Interestingly, it’s Ken and not David who has the conversation with Jessica after tribal. Apparently, Ken’s piercing glance at the previous tribal worked its magic. Putting her words into action, Jessica spills the beans on her Legacy Advantage to Ken, also pledging to will it to him if she is voted out. David’s move definitely was great for Ken, but Jessica not letting David in on the Legacy Advantage raises questions about her favorite member of her new alliance. Still, time will tell if this is the right move for David.
Idol Search Party
The efficacy of David’s play aside, the entirety of Gen X knew that a new idol was in play and all efforts the next day focus on finding it. With most of Gen X running around blindly, David’s knowledge of production’s hiding technique this season gives him a definite leg up. After narrowly escaping detection by Gen X’s new resident invisible female, Sunday, David sees the tribal logo on a mundane log and smashes it free. It’s clear that this season, knowledge of the idol hiding strategy will prove incredibly valuable. If those who know it can keep said information under lock and key, I think it leans toward players using idols far more frequently than in seasons past.
Drop Your Buffs
The first four episodes of this season have seemed like we were just watching the castaways go through the motions. While there have been some unexpected votes, both tribes had a clear majority and minority. When we got look-ins at both tribes, efforts focused more on the minority and their biding of time for a swap or merge. Four episodes in, the inevitable swap has been foreshadowed long enough, and I found myself begging for new interactions and dimensions inserted into the game. So, color me excited when Probst finally broke down the generational boundary and initiated the mixup of the tribes.
After a random drawing of new tribe buffs, the breakdown of tribes is as follows:
Vanua (former Millennial beach): CeCe, Chris, David, Zeke, Michelle.
Takali (former Gen X beach): Figgy, Taylor, Adam, Jessica, Ken.
Ika Bula (new beach): Michaela, Jay, Hannah, Sunday, Bret, Will.
Yes, there’s a third tribe.

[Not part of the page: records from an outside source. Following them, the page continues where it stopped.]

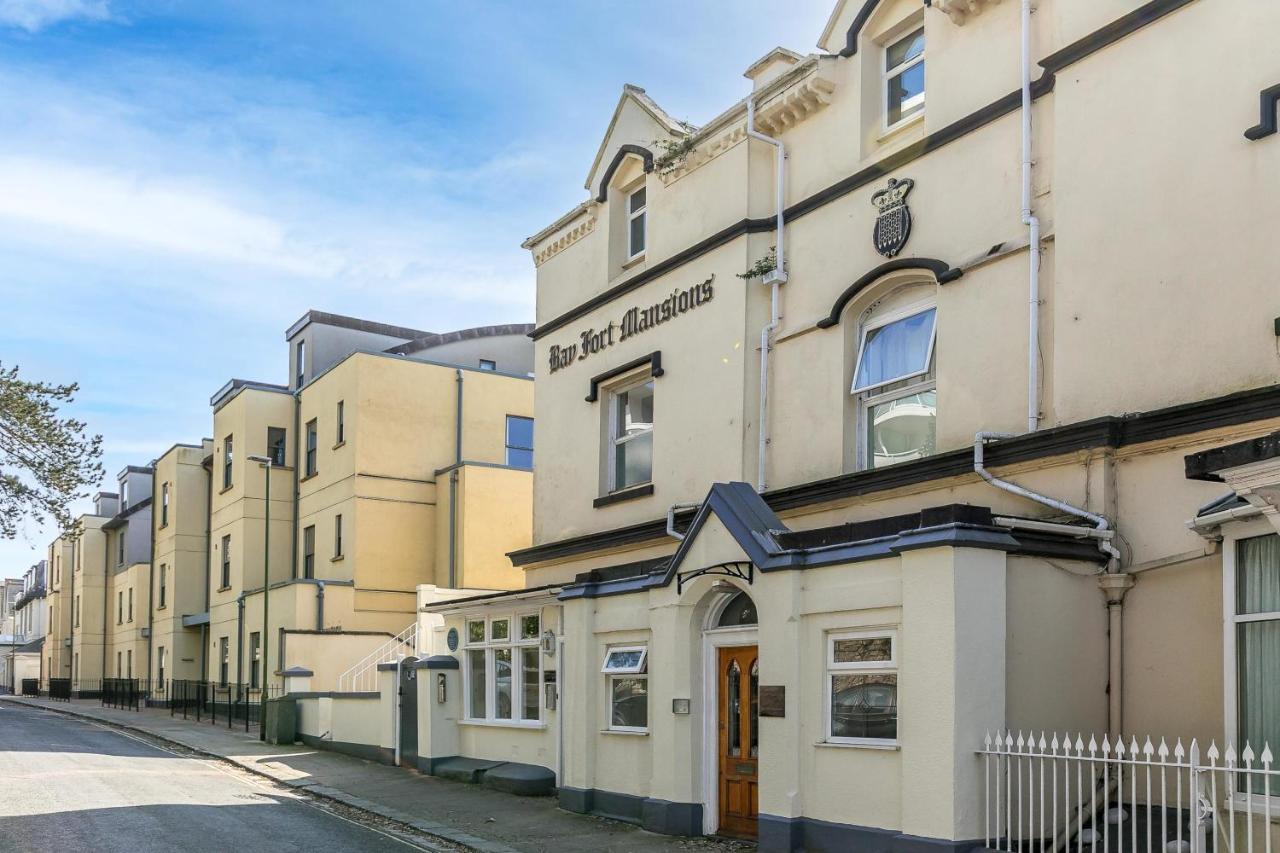 Wellswood Apartment - Sunny Apartment With Stunning Sea Views And Private Balcony Torquay Exterior photo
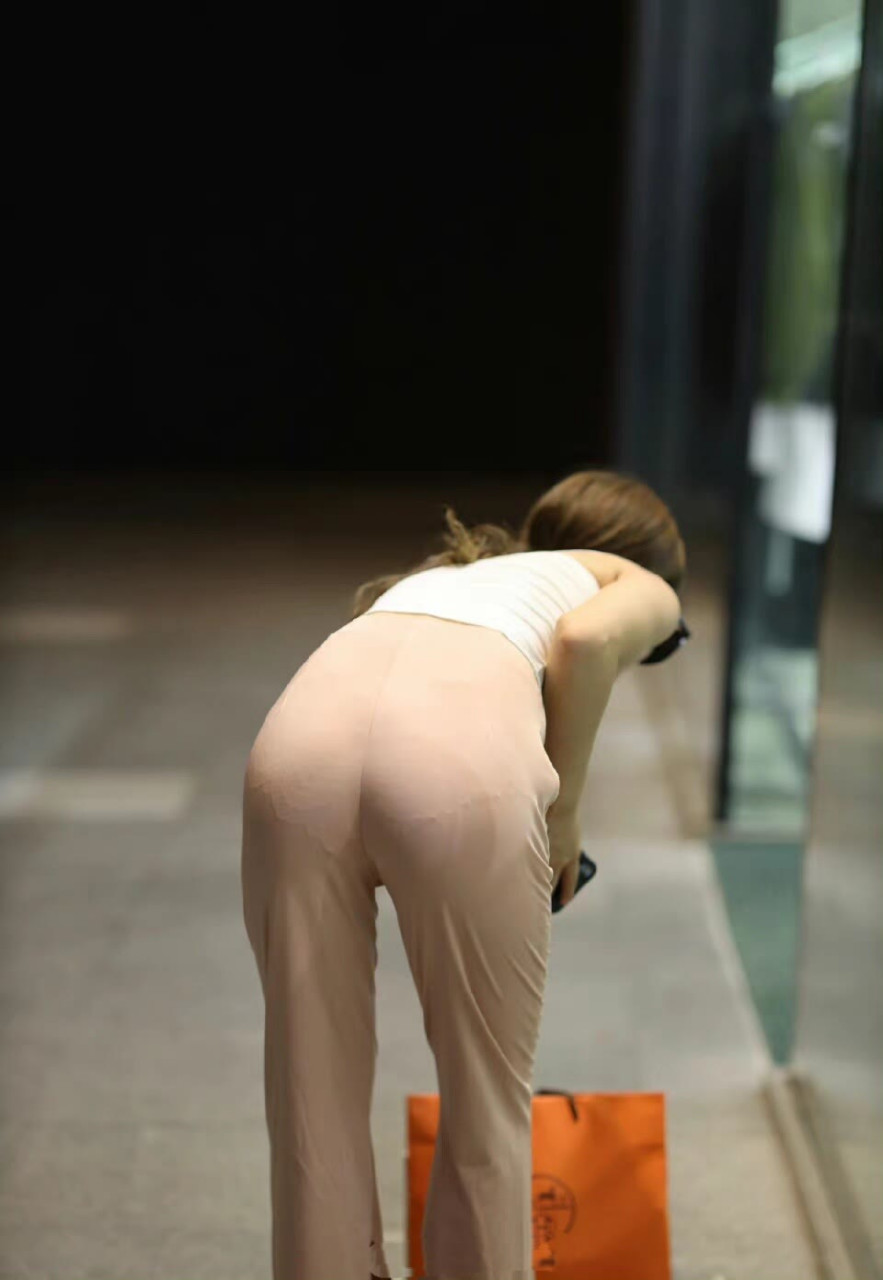 美臀蜜桃臀 翘臀 街拍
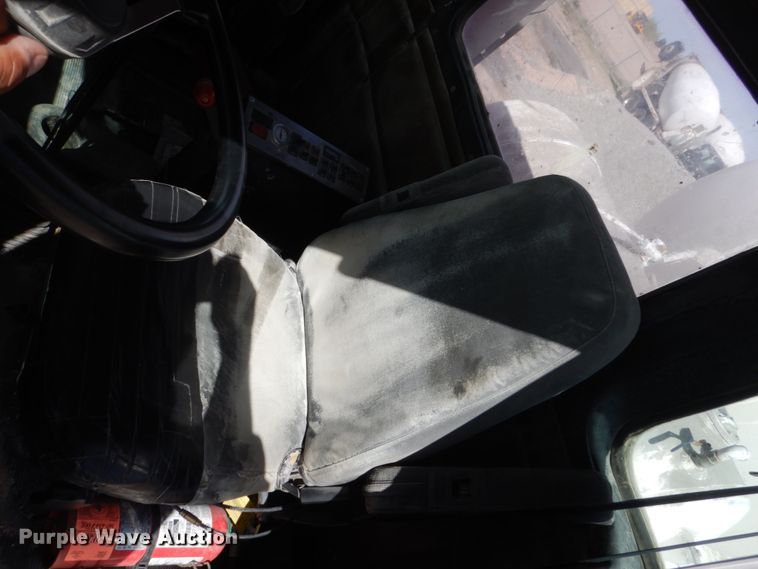 image for item HI9803 2000 Kenworth W900  ready mix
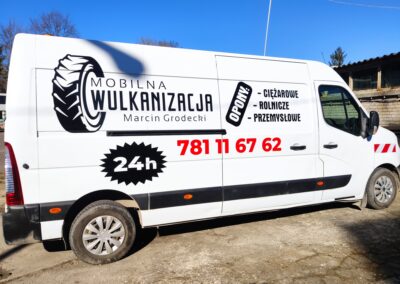 Samochód z reklamą firmy Mobilna Wulkanizacja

In the same vain as Survivor: Cambodia’s Angkor, Ika Bula is tasked with starting a camp from scratch without any food or supplies. If Cambodia is any indication, Ika Bula is destined for demise, unless another Hero Challenge happens. In an attempt to avoid this, Ika Bula receives a sixth member.
On the surface, Gen X’s 3-2 majority at Vanua would reign supreme over the two Millennials – Zeke and Michelle. As you break it down, however, the lines of allegiance are far more muddled. David and CeCe are aligned together, while Chris was on the outside, after voting incorrectly at the last two Gen X tribal councils. Additionally, of the two Millennials, Zeke and Michelle were in different alliances.
After introductory conversations, it’s Chris and Zeke who bond together, with both having roots in Oklahoma. Chris’ spot on the 2000 Sooner national championship team has Zeke exclaiming about him being one of his childhood heroes. This bond proves incredibly beneficial, as Chris informs Zeke of his minority position and set out to change the status quo.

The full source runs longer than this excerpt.